Problem to solve:
Since the records include pictures, leave those out while you reproduce exactly and only the lines from the one containing "2023 Acura Integra A-Spec Package" through the one containing "14460 Bexley Court, Shelby Twp, MI 48315", inclusive.

Extracted information:
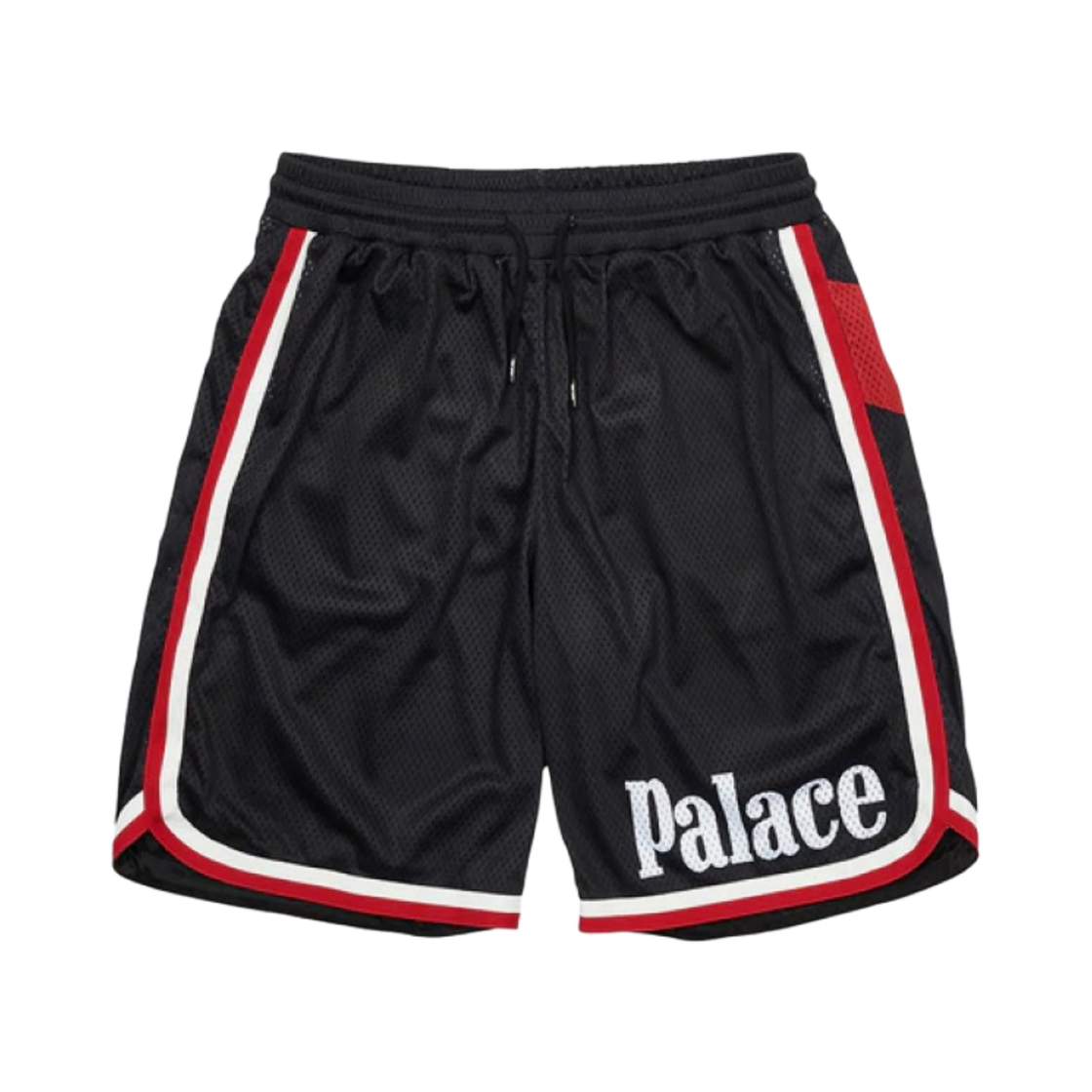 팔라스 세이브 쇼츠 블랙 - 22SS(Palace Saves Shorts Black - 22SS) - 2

--

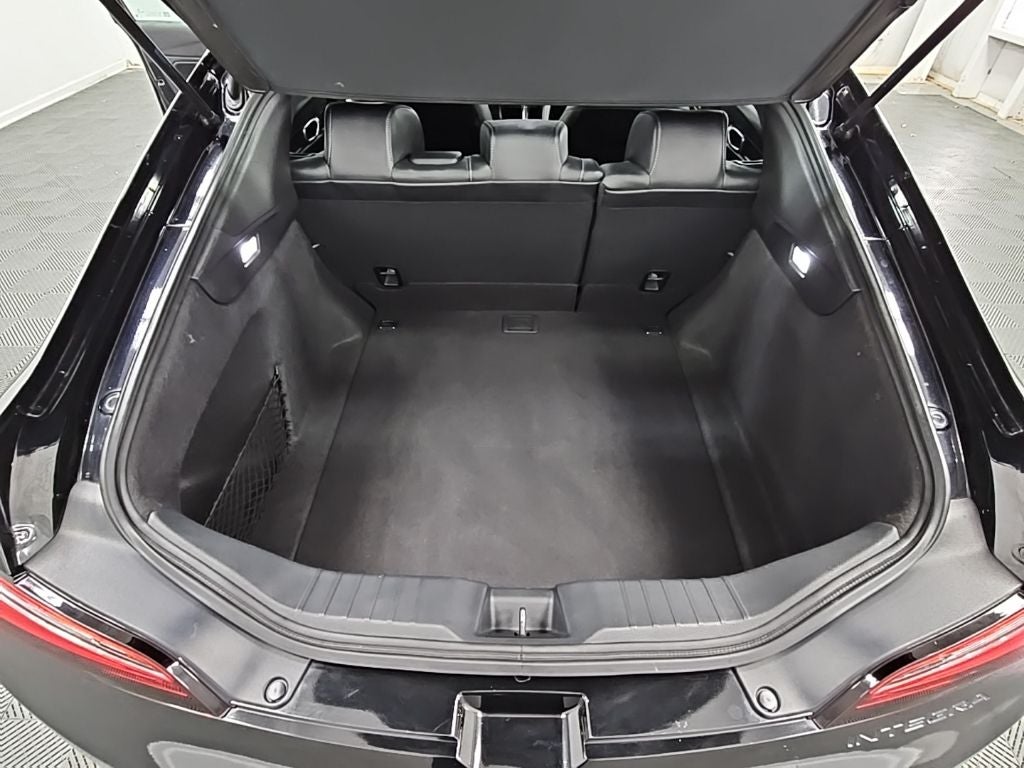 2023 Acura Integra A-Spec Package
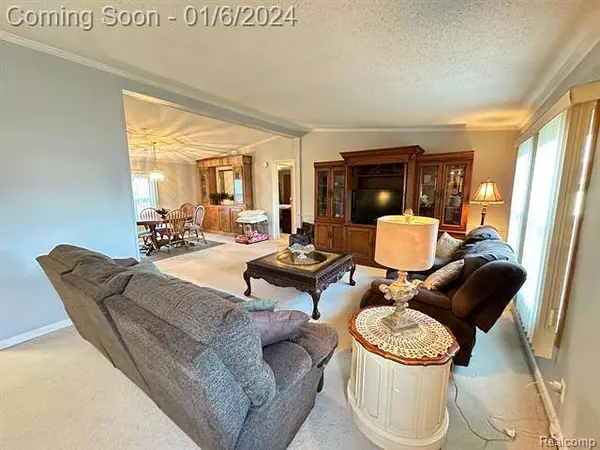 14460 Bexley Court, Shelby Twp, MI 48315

--

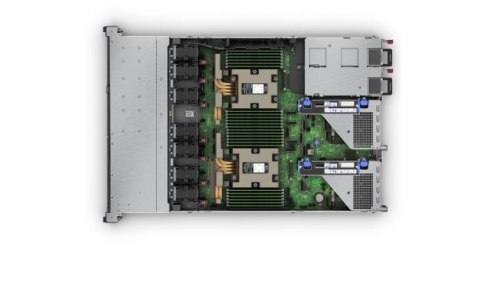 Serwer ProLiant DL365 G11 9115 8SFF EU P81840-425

Result:
 2023 Acura Integra A-Spec Package
 14460 Bexley Court, Shelby Twp, MI 48315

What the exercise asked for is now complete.